Table items has products, whose state is kept in another table, like so :
items:
id |ref_num|name |...
1 |0001 |product1|...
2 |0002 |product2|...
items_states :
id|product_id|state_id|date
1 |1 |5 |2010-05-05 10:25:20
2 |1 |9 |2010-05-08 12:38:00
3 |1 |6 |2010-05-10 20:45:12
...
The states table is not relevant and only relates the state_id to the state name and so on.

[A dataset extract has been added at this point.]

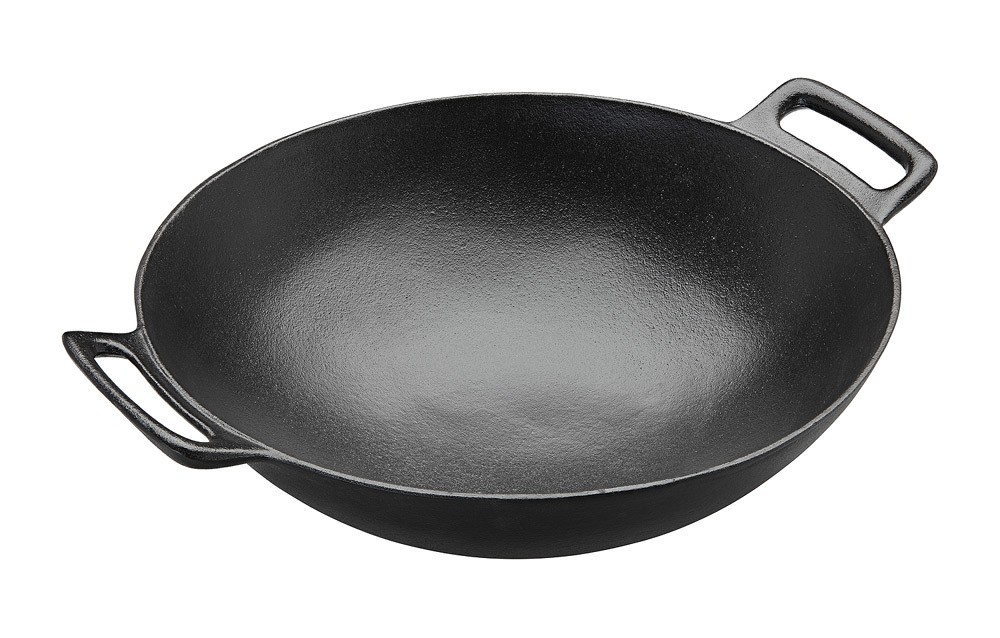 RÖSLE Vario Wok Gusseisen emailliert 36cm RÖSLE Vario Wok Gusseisen emailliert 36cm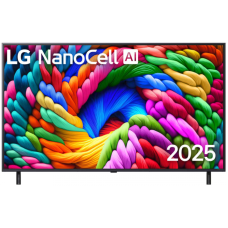 Телевизор LG 75NANO80A6B.ARUG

How can I get products where the latest state is the one I specify, one item per row?
Thank you
You may want to try the following:
SELECT i.ref_num, i.name, s.latest_date
FROM items i
JOIN (
SELECT product_id, MAX(date) as latest_date
FROM items_states
GROUP BY product_id
) s ON (s.product_id = i.id);
If you want to return just one item, simply add a WHERE i.id = ? to the query.
Test case:
CREATE TABLE items (id int, ref_num varchar(10), name varchar(10));
CREATE TABLE items_states (id int, product_id int, state_id int, date datetime);
INSERT INTO items VALUES (1, '0001', 'product1');
INSERT INTO items VALUES (2, '0002', 'product2');
INSERT INTO items_states VALUES (1, 1, 5, '2010-05-05 10:25:20');
INSERT INTO items_states VALUES (2, 1, 9, '2010-05-08 12:38:00');
INSERT INTO items_states VALUES (3, 1, 6, '2010-05-10 20:45:12');
Result:
+---------+----------+---------------------+
| ref_num | name | latest_date |
+---------+----------+---------------------+
| 0001 | product1 | 2010-05-10 20:45:12 |
+---------+----------+---------------------+
1 row in set (0.02 sec)
Either LEFT JOIN the items_states table to itself, requiring a second.date > first.date, and put a WHERE second.id IS NULL clause in it:
SELECT a.*
FROM item_states a
LEFT JOIN item_states b
ON a.product_id = b.product_id
AND b.product_id > a.product_id
WHERE b.id IS NULL AND a.state_id = <desired state>
Or make a row based query: see Mark Byers' example.